Plaintiff also issued an attachment execution against Monaco’s insurance carriers for recovery of the judgment of $207,125.
Plaintiff issued additional attachment executions against Monaco and directed the same to The Girard Bank, The Fidelity Bank and North American Life Assurance Company.
On January 7, 1971, plaintiff issued an attachment execution against Monaco directed to the executor of the Estate of Maurice Rademan, deceased, for [323]*323which Monaco was serving as counsel. The asset sought to be attached is the fee to which Monaco may be entitled for legal services rendered to the estate.
Monaco objects to this attachment execution, contending that he is immune from attachment by reason of a letter agreement between him and plaintiff’s counsel dated October 31, 1969, in which plaintiff agreed to first proceed against defendant’s liability insurance carriers, Insurance Company of North America and Continental Casualty Company, to collect the debt.
It is not disputed that Monaco paid plaintiff $10,000 on account of the judgments against him. Monaco contends that this payment represented the consideration for the alleged agreement as set forth in his letter of October 31, 1969, to plaintiff’s counsel. However, plaintiff argues that such payment was not consideration for the alleged agreement and that the letter of October 31, 1969, is not an enforceable agreement. In addition, plaintiff contends that the entire understanding of the parties is contained in two letters, one Jrom Arlin M. Adams, Esq., then plaintiff’s counsel, to Monaco dated October 24, 1969, and Monaco’s letter to Judge Adams dated October 31, 1969.
Following the entry of the decree of September 9, 1969, Monaco, his attorney, plaintiff’s present counsel, Ronald H. Isenberg, Esq., and Judge Adams conferred respecting executions against defendant and his payment of $10,000 on account of the judgments against him.
The letter of October 24, 1969, from Judge Adams to Monaco states that, in exchange for payment of $10,000 by Monaco to plaintiff, plaintiff would withdraw its attachments against The Girard Trust Bank, [324]*324The Fidelity Bank and North American Life Assurance Company of Canada only (which, in fact, had then already been done), would not press further executions against Monaco before May 1, 1970, and during the interim would pursue negotiations with defendant’s two liability carriers for payment of the judgments.
Judge Adams’ letter further provided that an appeal by Monaco would act to release plaintiff from those arrangements because it would then be difficult, it not impossible, for plaintiff’s counsel to deal with defendant’s liability insurance carriers.
As already noted, Monaco appealed to the Supreme Court of Pennsylvania on December 9, 1969.

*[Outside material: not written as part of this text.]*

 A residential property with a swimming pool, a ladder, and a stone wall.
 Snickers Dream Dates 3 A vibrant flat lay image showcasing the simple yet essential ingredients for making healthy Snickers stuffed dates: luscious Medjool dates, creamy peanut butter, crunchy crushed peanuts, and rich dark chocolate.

Accordingly, plaintiff argues that if an enforceable agreement existed between the parties, plaintiff was released therefrom when Monaco appealed.
Plaintiff further contends that, even if Monaco’s letter of October 31st is the entire agreement of the parties, it is not binding because the alleged consideration of $10,000 paid by Monaco on account of the judgments against him was merely a promise to perform that which he was already obligated to perform by virtue of the decree of September 9, 1969, and the judgments in excess of $245,000. In any event, plaintiff contends that the payment of $10,000, admittedly a mere token and almost imperceptible amount of the total sum Monaco was obligated to pay, was not consideration to create a legally enforceable agreement.
Finally, plaintiff submits that preliminary objections raising immunity from attachment under Pennsylvania Rule of Civil Procedure 3142 are available only to a garnishee and not to defendant.
Although rule 3142(a), providing for the defense of immunity, is silent as to the identity of the persons [325]*325who may raise the stipulated objections, there is no reason why a defendant may not raise the issue of immunity by preliminary objections and it is likewise appropriate that rule 3142(a) be construed to permit an execution defendant to file preliminary objections on his own behalf: Eastern Lithographing Corp. v. Silk, 203 Pa. Superior Ct. 21 (1964). Similarly, the right to file preliminary objections in a garnishment proceeding is not only available to the garnishee and defendant, but is extended also to other parties in interest who are entitled to intervene in the proceeding and who have done so: Fleming v. Quaid, 204 Pa. Superior Ct. 19 (1964). See also 4 Goodrich-Amran, Standard Pa. Prac., page 324.
Although a contract cannot be based on a promise to perform an obligation which a party is already bound to perform, if the obligation is subject to a reasonable dispute, then the promise may provide the consideration for an enforceable contract: Blaisdell Filtration Co., v. Bayard & Co., Inc., 311 Pa. 6 (1933).
On October 31, 1969, the date of the letter from Monaco to Judge Adams, Monaco had a right to appeal from the decree of September 9, 1969, and the judgments entered against him which, therefore, remained in dispute at that time, including the sum of $10,000 paid by Monaco.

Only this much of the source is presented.